Why Distribute a Database?
- Horizontal Scalability: Add more commodity machines to the cluster instead of buying one impossibly expensive supercomputer.
- High Availability & Fault Tolerance: If one node crashes or a whole data center goes offline, the system continues operating from other nodes.
- Low Latency: Data can be placed geographically closer to the users accessing it (e.g., storing European user data in an EU data center).
Core Concepts
1. The CAP Theorem
When designing or choosing a distributed database, you are bound by the CAP Theorem, which states that a distributed data store can only simultaneously guarantee two out of the following three:
- Consistency (C): Every read receives the most recent write or an error. All nodes see the exact same data at the same time.
- Availability (A): Every request receives a (non-error) response, without the guarantee that it contains the most recent write. The system stays up even if nodes fail.
- Partition Tolerance (P): The system continues to operate despite an arbitrary number of messages being dropped or delayed by the network between nodes.
Note: Because network partitions (P) are a reality of distributed systems (networks fail, cables get cut), distributed databases must choose between CP (Consistency and Partition Tolerance) or AP (Availability and Partition Tolerance).
2. Data Distribution Strategies
How do we actually spread the data? Usually through a combination of two techniques:
A. Replication
Copying the exact same data across multiple nodes. This ensures Availability and Fault Tolerance.
B. Partitioning (Sharding)
Splitting a large dataset into smaller chunks (shards/partitions) and storing them on different nodes. This ensures Scalability.
Architectural Diagram
Here is a conceptual look at a typical distributed database using both partitioning and replication (often seen in systems like Cassandra or DynamoDB).
Flow Explanation
- The Client sends a request to the database cluster.
- A Coordinator Node receives it. It uses a hashing algorithm on the partition key (e.g.,
User ID) to determine which partition owns this data. - The request is routed to the Primary Node of that partition.
- The Primary Node handles the write/read and replicates the data to its Replica nodes to ensure high availability.
Examples of Distributed Databases
1. Amazon DynamoDB (AP System)
A fully managed, serverless, key-value NoSQL database designed for high availability and single-digit millisecond performance. It replicates data synchronously across multiple Availability Zones. It prioritizes availability and partition tolerance, offering "eventual consistency" by default (though strong consistency can be requested).
2. Apache Cassandra (AP System)
A masterless distributed database designed to handle massive amounts of data across commodity hardware with no single point of failure. It uses a ring architecture where every node is equal. Excellent for heavy write workloads.

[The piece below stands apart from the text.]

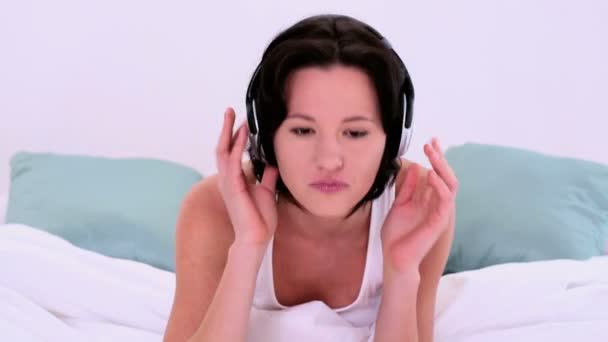 Happy enjoying woman listening with headphones to music — Stock Video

3. Google Cloud Spanner (CP System)
A globally distributed relational database that uniquely provides ACID transactions and SQL semantics at a massive global scale. It relies on Google's TrueTime (atomic clocks and GPS receivers) to maintain strict consistency globally.
Distributed Transactions: The Two-Phase Commit (2PC)
When a transaction needs to modify data that lives on multiple different nodes, ensuring ACID properties (specifically Atomicity) becomes complex. The most common protocol to handle this is the Two-Phase Commit (2PC).
- Prepare Phase: The coordinator asks all participating nodes if they are ready to commit the transaction. The nodes lock the necessary resources and reply "Yes" or "No".
- Commit Phase: If all nodes said "Yes", the coordinator tells them to physically commit the changes. If any node said "No" (or timed out), the coordinator tells everyone to rollback.
The Problem with 2PC
It is a blocking protocol. If the coordinator goes down after the prepare phase but before the commit phase, the participant nodes are stuck holding locks indefinitely until the coordinator recovers. This severely impacts availability, which is why many modern NoSQL systems avoid multi-record distributed transactions entirely.